The honest synthesis: the disciplines of thinking can be taught and do help — but not as a content-free inoculation. The evidence favors teaching reasoning, logic, and argument embedded in rich domains, with deliberate attention to transfer, and structured dialogue (the P4C model) as a delivery mechanism. The reform claim is therefore not "add a critical-thinking class and skills will generalize" (the evidence is against that naive version), but "make reasoning, epistemology, and argument explicit and pervasive across a knowledge-rich curriculum." That is a defensible claim. The naive one is not, and Bucket should not make it.

3. The whole person: agency, curiosity, intrinsic motivation, creativity, play

3.1 The motivational substrate everything else rides on

The first two gaps are cognitive. This one is motivational and developmental — and it may be the most upstream of all, because no metacognitive strategy and no reasoning skill matters in a learner who has stopped wanting to learn. The dominant framework is Deci and Ryan's Self-Determination Theory (SDT), which holds that humans have three innate psychological needs — autonomy (volition, choice), competence (feeling effective), and relatedness (connection) — and that intrinsic motivation flourishes when all three are supported and collapses when any is thwarted (Ryan & Deci, 2000, "Self-Determination Theory and the Facilitation of Intrinsic Motivation," *American Psychologist*; Ryan & Deci, 2020 update, *Contemp. Educ. Psychol.*).

The damaging finding for conventional schooling: the very levers schools lean on hardest — grades, deadlines, directives, surveillance, competition, and tangible rewards — are precisely the controllers that SDT research shows undermine intrinsic motivation, because learners experience them as external control of their behavior (Deci, Koestner & Ryan, "Extrinsic Rewards and Intrinsic Motivation in Education," meta-analysis). Conversely, autonomy-supportive teaching catalyzes greater curiosity, intrinsic motivation, and appetite for challenge. The standard apparatus of the industrial model (brief 02) is, in SDT terms, a machine for converting intrinsic motivation into extrinsic compliance.

3.2 The measurable extinction of curiosity and motivation

This is not theoretical. Intrinsic motivation and curiosity decline measurably and steadily across the school years. Lepper, Corpus, and Iyengar's classic study documented intrinsic motivation falling monotonically from 3rd through 8th grade — a steep, grade-linked decline (Lepper, Corpus & Iyengar, 2005, *J. Educ. Psychol.*). School-related curiosity shows the same trajectory, and the leading proposed cause is educational practice itself — the rise of grades, correctness pressure, and public evaluation, which tend to intensify as standardized testing is introduced in the early grades (curiosity promotion/suppression in classrooms, *ScienceDirect*).

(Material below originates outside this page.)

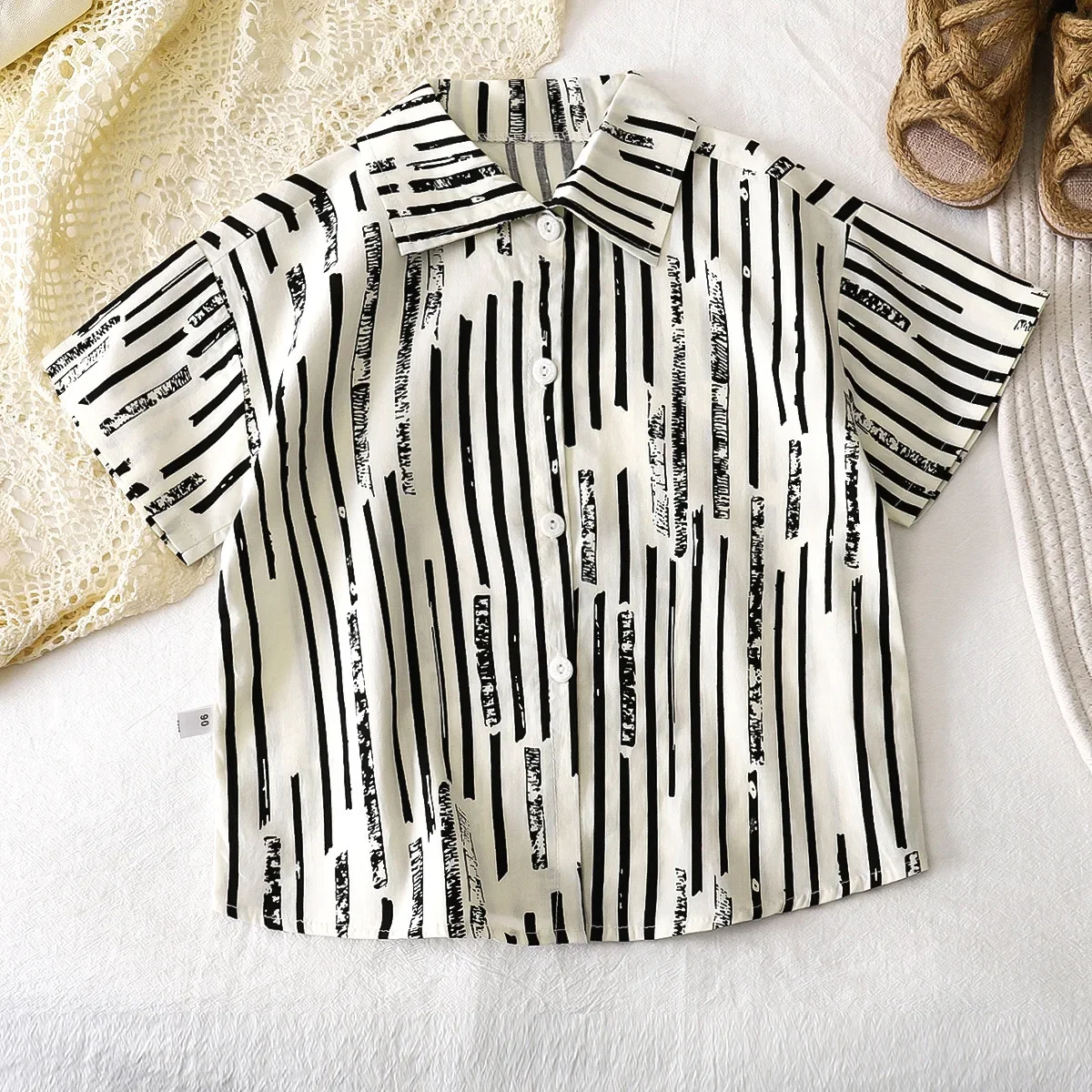 New 2025 Boys Summer Thin Beach Shirts Children's Cartoon Striped Letter Print Short Sleeve Lapel Shirt Top Kids Casual Clothing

The Gallup Student Poll quantifies the same arc at national scale: about 74% of fifth-graders are "engaged" in school, falling to roughly one-third by 10th–12th grade — the "school cliff" (Gallup, "The School Cliff"; Gallup engagement by grade, *EdWeek*). A system that begins with curious, engaged children and ends with disengaged ones is doing something to them. The charitable reading is that disengagement is an unintended side effect of the measurement model; either way, the extinction of intrinsic motivation is a produced outcome, not a fact of adolescence.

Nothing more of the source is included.